Segment Open
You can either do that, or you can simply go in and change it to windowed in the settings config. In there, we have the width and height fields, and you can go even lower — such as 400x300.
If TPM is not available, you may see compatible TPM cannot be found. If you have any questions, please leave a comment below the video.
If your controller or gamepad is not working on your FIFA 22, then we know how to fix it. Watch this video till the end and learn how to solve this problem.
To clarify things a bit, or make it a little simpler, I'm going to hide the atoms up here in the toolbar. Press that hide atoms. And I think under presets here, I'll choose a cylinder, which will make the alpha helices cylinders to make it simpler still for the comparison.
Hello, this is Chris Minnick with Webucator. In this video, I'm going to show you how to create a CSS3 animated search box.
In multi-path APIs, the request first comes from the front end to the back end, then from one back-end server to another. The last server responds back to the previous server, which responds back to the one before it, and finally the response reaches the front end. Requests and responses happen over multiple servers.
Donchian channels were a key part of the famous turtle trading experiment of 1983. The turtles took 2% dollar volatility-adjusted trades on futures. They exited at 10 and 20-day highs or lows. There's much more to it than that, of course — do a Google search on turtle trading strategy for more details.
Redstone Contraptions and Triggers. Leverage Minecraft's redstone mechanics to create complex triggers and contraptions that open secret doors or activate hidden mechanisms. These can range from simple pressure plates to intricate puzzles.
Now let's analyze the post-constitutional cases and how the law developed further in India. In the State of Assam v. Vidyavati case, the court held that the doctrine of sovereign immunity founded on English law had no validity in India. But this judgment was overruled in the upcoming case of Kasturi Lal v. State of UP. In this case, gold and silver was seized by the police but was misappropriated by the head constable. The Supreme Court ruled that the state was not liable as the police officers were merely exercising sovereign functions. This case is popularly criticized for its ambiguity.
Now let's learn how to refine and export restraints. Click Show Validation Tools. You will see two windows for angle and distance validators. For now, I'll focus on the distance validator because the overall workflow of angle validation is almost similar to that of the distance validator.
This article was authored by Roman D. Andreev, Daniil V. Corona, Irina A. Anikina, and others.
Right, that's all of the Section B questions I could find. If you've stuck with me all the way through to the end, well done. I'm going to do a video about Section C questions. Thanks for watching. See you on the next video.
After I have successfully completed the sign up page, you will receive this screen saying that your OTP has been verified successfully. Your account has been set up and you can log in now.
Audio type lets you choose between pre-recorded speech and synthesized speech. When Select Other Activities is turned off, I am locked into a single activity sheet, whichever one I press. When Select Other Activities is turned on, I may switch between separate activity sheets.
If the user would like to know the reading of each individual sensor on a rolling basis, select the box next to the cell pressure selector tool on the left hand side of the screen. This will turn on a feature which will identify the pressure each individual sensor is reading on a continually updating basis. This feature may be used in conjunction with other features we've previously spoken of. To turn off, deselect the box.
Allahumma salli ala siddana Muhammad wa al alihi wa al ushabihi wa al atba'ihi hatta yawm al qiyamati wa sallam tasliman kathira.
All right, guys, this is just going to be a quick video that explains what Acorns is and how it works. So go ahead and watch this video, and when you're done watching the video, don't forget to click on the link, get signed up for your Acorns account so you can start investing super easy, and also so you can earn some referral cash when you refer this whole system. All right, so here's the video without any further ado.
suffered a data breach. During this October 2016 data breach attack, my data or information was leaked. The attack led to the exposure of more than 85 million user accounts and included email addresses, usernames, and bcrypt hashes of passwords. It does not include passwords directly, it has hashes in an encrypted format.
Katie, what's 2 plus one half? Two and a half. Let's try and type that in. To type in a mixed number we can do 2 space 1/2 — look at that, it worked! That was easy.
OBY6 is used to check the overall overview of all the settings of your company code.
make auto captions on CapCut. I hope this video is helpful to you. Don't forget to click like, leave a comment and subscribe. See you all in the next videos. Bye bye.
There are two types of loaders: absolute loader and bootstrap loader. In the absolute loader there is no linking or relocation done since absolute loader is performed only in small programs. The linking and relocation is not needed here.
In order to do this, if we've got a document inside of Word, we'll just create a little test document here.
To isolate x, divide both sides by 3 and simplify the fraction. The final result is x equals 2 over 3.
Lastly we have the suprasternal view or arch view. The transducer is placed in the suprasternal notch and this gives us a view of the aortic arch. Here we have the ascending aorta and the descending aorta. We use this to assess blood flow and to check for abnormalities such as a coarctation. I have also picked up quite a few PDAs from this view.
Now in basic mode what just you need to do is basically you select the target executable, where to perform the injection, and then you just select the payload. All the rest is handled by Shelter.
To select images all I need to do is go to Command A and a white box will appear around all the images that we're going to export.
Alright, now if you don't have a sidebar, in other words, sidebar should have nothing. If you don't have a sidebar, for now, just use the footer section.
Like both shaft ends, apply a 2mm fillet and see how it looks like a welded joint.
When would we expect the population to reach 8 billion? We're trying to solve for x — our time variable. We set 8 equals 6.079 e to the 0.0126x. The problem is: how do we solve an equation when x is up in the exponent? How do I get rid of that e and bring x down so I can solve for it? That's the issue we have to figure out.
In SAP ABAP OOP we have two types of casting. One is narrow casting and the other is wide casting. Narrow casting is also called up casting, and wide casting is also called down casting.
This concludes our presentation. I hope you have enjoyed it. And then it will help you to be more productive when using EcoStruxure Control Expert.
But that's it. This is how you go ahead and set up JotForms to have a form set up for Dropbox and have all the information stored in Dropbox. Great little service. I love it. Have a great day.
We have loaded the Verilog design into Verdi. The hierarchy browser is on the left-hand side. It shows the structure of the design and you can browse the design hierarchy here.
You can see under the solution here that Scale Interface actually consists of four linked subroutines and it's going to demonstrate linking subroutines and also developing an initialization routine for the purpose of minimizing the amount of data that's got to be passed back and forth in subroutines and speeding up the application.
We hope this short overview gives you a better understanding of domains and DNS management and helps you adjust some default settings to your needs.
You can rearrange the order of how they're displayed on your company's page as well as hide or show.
Segment Closed
## Exercise description
Return each line of the material above in which the string "both" appears.

## Answer to this task
To isolate x, divide both sides by 3 and simplify the fraction. The final result is x equals 2 over 3.
Like both shaft ends, apply a 2mm fillet and see how it looks like a welded joint.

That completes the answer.